This function finds the extrema of a scalar time series to form a
map. The time series is assumed to be a uniform sampling of
*s(t)*,
where *s(t)* is a (possibly noisy) measurement from a
deterministic
non-linear system. It is known that
*s'(t), s''(t), ...* are legitimate
coordinate vectors in the phase space. Hence the hyperplane given by
*s'(t)=0* may be used as a Poincare surface of
section. The
intersections with this plane are exactly the extrema of the time
series. The time series minima (or maxima) are the interesections in a
given direction and form a map that may be used to estimate
invariants, e.g., correlation dimension and Lyapunov exponents, of the
underlying non-linear system.

The algorithm used to create a Poincare map is as follows.

- 1
The first and second derivatives of the resulting series are approximated via the continuous wavelet transform (CWT) using the first derivative of a Gaussian as a mother wavelet filter (see references for details).

- 2
The locations of the local extrema are then estimated using the standard first and second derivative tests on the CWT coefficients at a single and appropriate scale (an appropriate scale is one that is large enough to smooth out noisy components but not so large as to the oversmooth the data).

- 3
The extrema locations are then fit with a quadratic interpolation scheme to estimate the amplitude of the extrema using the original time series.

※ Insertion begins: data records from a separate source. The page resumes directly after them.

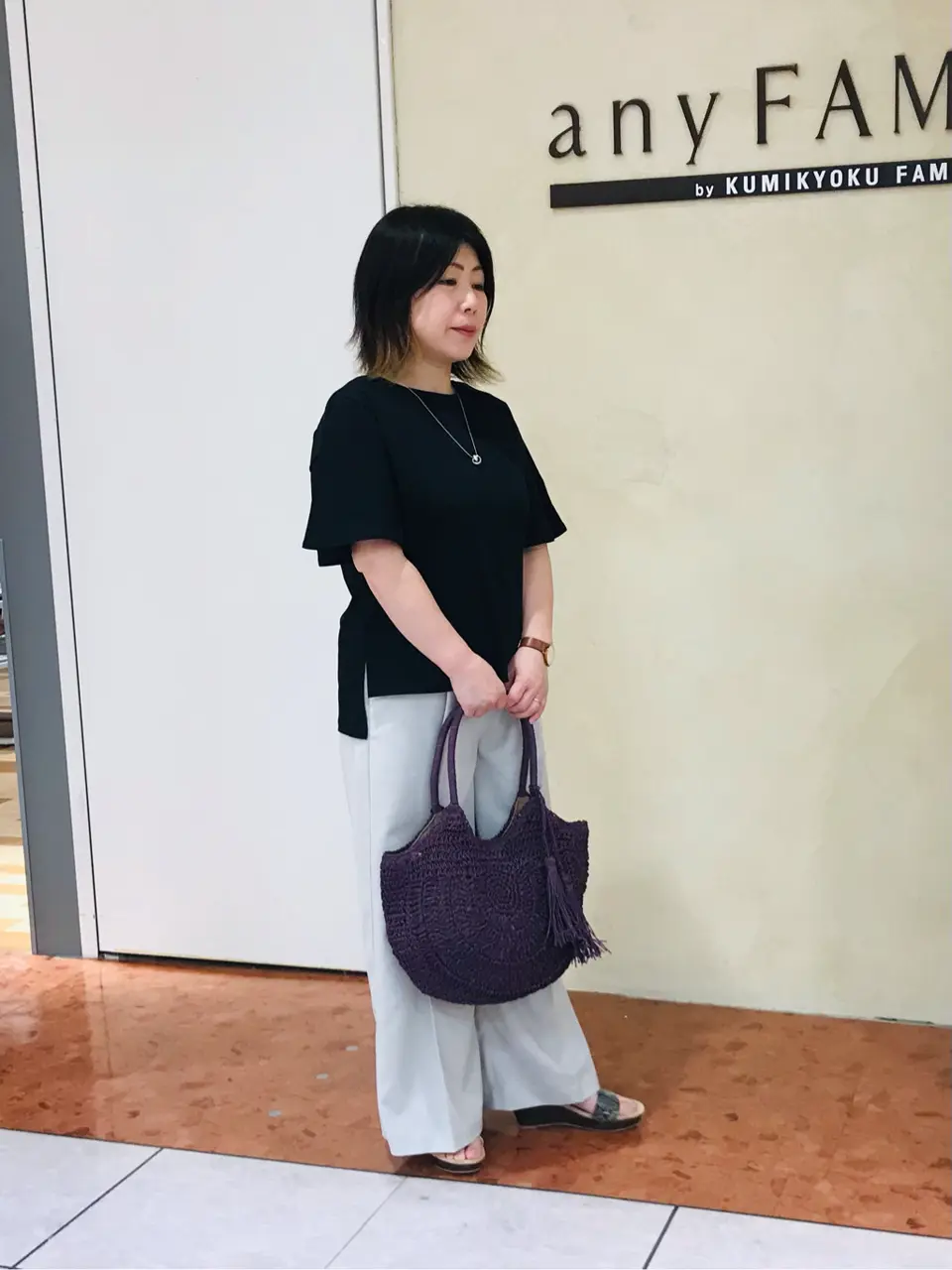 ANY 吉田 コーディネート画像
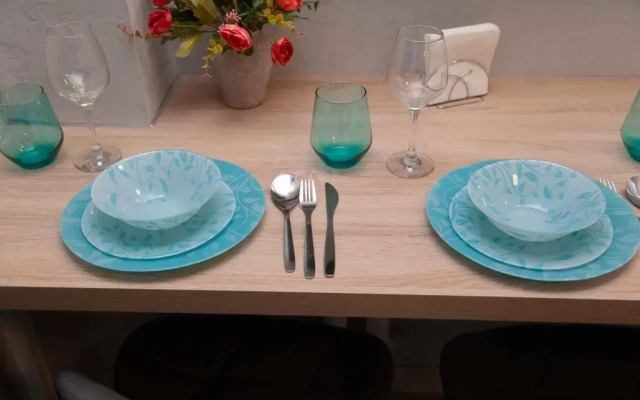 Studiya na Fridrikha Engelsa Apartments
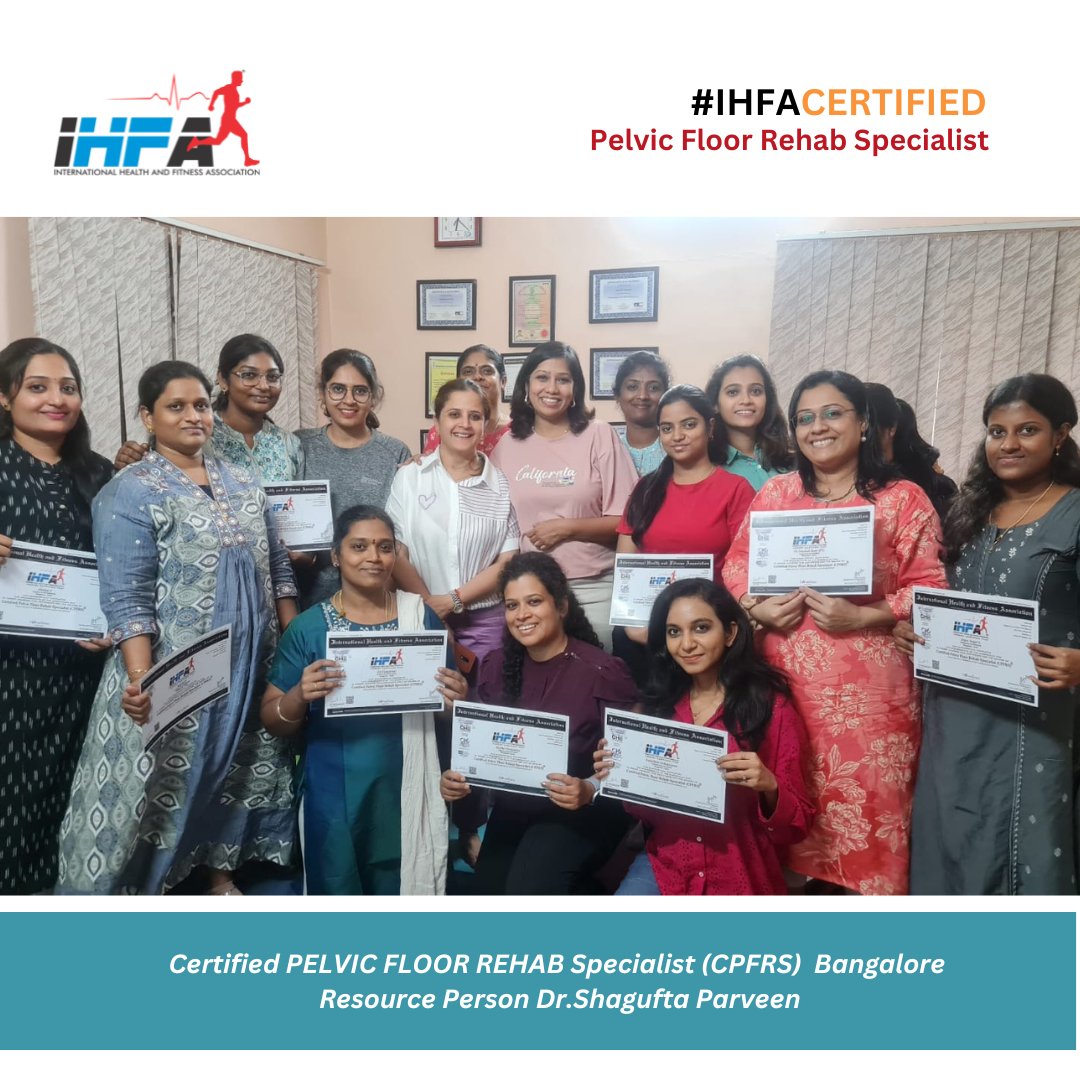 ihfaglobal's tweet photo. Certified Pelvic Rehab Specialist workshop for Physios at Bangalore https://t.co/h2SwdhZ8uM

a list where the first element (`location`

) is a vector containing the
temporal locations of the extrema values, with respect to
sample numbers *1,...N*, where *N* is the length of the original
time series. The second element (`amplitude`

) is a vector containing the extrema
amplitudes.

Holger Kantz and Thomas Schreiber, *Nonlinear Time Series Analysis*,
Cambridge University Press, 1997.

`embedSeries`

, `corrDim`

, `infoDim`

.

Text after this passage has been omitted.